I’m not one of those authors. I take the universe as it comes, one sunrise at a time.

I’m content to let mysteries remain mysteries. I don’t have to understand how electricity works in order to turn on the lamp. I’ve learned it helps to know where the circuit-breaker box is and how to turn off the juice before you replace an outlet.

There’s a lesson you don’t need twice.

Quantum physics? I have enough trouble with inertia, thank you very much. I don’t have any trouble understanding inertia; its properties are painfully obvious every morning when I have to get up. I understand it fine. I just have a little trouble overcoming it.

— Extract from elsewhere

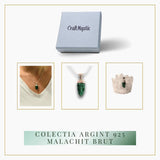 Pandantiv Argint cu Malachit Brut - Energie si Echilibru, 20mm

The space-time continuum? Not my thing. I am content to believe that today will be today and tomorrow will be tomorrow.

Time travel can remain the domain of braver souls than I. Unless I could somehow wind up younger than I really am. Then I might give it a try.

As for our origins, if Darwin wanted to think he came from a monkey, that’s fine for him. We’ve all had moments, haven’t we, when we can’t imagine how we—so brilliant, so charming, so normal—could possibly have come from our family? I wonder how Darwin’s mom took the news of his theory. Maybe she wondered how she ended up being the only normal one in her family.

I’d say Darwin had a little self-image problem. If the choice is accidentally falling out of a monkey’s family tree or being created by a loving God, why wouldn’t you choose the latter? But what do I know? I’m not an expert in the workings of the human mind, or any other area for that matter.

I have a little knowledge about a few things, but you know what they say about a little knowledge. Dangerous. Very dangerous.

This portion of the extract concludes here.